年輕女子的麵容顯露出來,她雙目緊閉,恍若沉睡。若非毫無生息,實在難以相信她已經香消玉殞。
“林公子。”應拭雪道。
林序秋神色凝重,深吸一口氣,走上前去。最終,他的查驗結果與仵作的判斷一致。
“傅小姐體表完好,內腑無傷,無毒無疾。找不到任何明確的致死因……除非剖屍。”林序秋猶豫片刻,接著道:“家師曾經提及一種罕見病症,名曰‘失魂’。”
“但世間偶有此症,往往是大驚大懼之人心神遽散,魂魄離體。這些新娘並無驚怖之由和掙紮痕跡,這‘外力’又能為何物?”
“想來隻能是‘紅衣娘子’了。”仵作在旁喏喏道。
應拭雪垂眼看著新娘子的麵容,忽而目光一頓,隔空抬手又放下:“傅曦被發現死亡時,現場記錄如何描述她的發飾?”
“回大人,發現傅小姐屍身時,她身穿嫁衣,端坐婚床之上,發髻上素金花步搖一對、珠翠壓勝一件、點翠花簪兩枚、紋綺羅帕一方……”
應拭雪伸手一指,仵作目光順著她指尖看去,隻見鬟角處的發油光澤被壓過一塊,呈一個細長的位印,散出一縷頭發;發髻兩側步搖、壓勝、花簪各就其位,唯有此處對應的金釵卻是空置。
仵作汗如雨下:“大人恕罪,我們發現時傅小姐發髻飾品齊全,小人、小人沒特彆注意那支小釵……後來清理遺容,首飾似乎就這些了。”
“忙中生亂,也是難免。”應拭雪一抬手,止住他繼續告罪:“且看發髻。若是釵久戴,鬟心位置會留下略深一層的順毛與油光;而這道印極淺、邊緣利直,且有散落發絲,多半是曾經簪過的釵子被抽走了。”
“也就是說,”賀西棠奇道,“有人在我們之前,或者在蕭縣令洞房之前或之後的某個時辰把這支釵取走了?”

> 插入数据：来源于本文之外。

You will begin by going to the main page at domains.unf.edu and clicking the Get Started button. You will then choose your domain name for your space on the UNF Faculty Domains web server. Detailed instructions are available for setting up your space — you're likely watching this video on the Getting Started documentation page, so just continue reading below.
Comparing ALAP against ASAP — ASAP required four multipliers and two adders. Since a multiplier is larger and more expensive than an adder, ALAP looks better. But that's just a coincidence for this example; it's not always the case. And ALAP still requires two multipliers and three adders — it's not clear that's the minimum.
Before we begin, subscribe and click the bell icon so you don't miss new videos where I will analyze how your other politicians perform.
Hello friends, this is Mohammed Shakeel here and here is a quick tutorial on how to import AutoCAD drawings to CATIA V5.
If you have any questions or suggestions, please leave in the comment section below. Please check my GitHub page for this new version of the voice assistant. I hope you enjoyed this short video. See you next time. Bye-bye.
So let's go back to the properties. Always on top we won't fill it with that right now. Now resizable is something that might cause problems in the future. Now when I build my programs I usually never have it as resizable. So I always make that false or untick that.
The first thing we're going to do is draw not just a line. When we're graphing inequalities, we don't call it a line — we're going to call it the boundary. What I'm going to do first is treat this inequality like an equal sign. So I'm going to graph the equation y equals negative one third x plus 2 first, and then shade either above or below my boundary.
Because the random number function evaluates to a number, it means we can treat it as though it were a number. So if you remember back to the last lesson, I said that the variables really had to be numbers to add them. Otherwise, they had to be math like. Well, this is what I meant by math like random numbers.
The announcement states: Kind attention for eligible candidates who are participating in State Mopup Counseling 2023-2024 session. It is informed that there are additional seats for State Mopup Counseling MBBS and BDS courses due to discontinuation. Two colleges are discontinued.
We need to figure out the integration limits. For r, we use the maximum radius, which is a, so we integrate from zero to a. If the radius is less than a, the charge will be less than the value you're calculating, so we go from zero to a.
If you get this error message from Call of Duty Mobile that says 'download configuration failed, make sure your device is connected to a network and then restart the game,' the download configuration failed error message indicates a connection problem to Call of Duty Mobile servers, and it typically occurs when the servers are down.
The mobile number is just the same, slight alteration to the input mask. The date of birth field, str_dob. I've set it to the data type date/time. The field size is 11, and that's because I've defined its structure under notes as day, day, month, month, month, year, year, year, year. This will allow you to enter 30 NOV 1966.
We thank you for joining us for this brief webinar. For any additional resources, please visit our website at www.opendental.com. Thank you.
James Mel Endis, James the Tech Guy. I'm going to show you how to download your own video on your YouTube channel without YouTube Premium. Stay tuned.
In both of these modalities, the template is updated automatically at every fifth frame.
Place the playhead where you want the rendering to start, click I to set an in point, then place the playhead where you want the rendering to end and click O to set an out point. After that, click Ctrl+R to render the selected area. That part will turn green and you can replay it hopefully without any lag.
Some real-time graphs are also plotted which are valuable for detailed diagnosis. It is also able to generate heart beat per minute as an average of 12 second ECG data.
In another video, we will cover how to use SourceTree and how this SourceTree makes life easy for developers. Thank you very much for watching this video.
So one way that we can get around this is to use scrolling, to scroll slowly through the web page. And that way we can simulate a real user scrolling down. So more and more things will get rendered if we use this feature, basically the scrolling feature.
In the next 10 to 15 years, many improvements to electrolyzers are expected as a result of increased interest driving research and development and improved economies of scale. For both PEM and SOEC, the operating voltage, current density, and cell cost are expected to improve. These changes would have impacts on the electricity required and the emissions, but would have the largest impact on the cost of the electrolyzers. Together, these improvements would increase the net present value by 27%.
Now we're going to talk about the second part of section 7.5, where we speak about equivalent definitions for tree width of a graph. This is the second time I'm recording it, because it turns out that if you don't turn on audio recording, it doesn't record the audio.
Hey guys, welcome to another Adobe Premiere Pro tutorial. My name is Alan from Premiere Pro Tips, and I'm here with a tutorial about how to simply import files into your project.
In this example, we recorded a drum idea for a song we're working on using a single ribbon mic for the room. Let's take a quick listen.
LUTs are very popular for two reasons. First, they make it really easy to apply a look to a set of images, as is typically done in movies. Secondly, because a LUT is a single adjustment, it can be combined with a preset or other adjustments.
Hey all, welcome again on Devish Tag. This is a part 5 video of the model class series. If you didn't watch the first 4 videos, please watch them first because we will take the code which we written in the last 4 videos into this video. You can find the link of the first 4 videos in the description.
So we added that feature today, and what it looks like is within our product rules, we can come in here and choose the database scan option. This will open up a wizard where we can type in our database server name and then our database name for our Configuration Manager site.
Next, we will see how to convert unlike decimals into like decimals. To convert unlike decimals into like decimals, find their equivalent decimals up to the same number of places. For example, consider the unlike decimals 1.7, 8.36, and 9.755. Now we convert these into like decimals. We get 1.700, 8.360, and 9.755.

“先彆下定論。”應拭雪道:“按禮簿把妝奩鋪、喜娘、送頭麵的人逐一列名;再把近一年婚案禮簿抄出一份,此處雖有空置,禮簿上的頭飾卻無缺。”
離開陰冷的停屍房,一行人回到縣衙卷宗室。一個身著墨色官服、腰懸銀牌的女子入內一揖:“監察使大人,七品典錄官,謝蘊,奉副鏡正鈞令,前來協查‘紅衣娘子’案。”
來得正好。
“城內連發詭案,下官未能明察秋毫,勘破虛實,徒耗時日,驚動上官,此乃下官失職無能之過,請大人責罰。”謝蘊並未抬頭,繼續道:“然下官職責所在,不敢推諉,現將此前並案緣由與相關卷宗呈上,望能助大人明斷。”
棲風城接連婚喪之事,縣衙與玄鏡台自一年前起便已並案調查。
“最早的一起案子發生在去歲臘月,亦是新婚之夜。新郎暴斃,牆上赫然七道血手印;次日又有新婦端坐而死,麵色如常,無傷無毒。”
“此後類似案子數起,皆有血印、皆在婚夜、皆無目擊者。縣衙孤力難解,故呈報我台,由台中副鏡正批令,合並立案。案牘以‘紅衣娘子’為名,蓋因坊間流傳的說法,與此案相合。”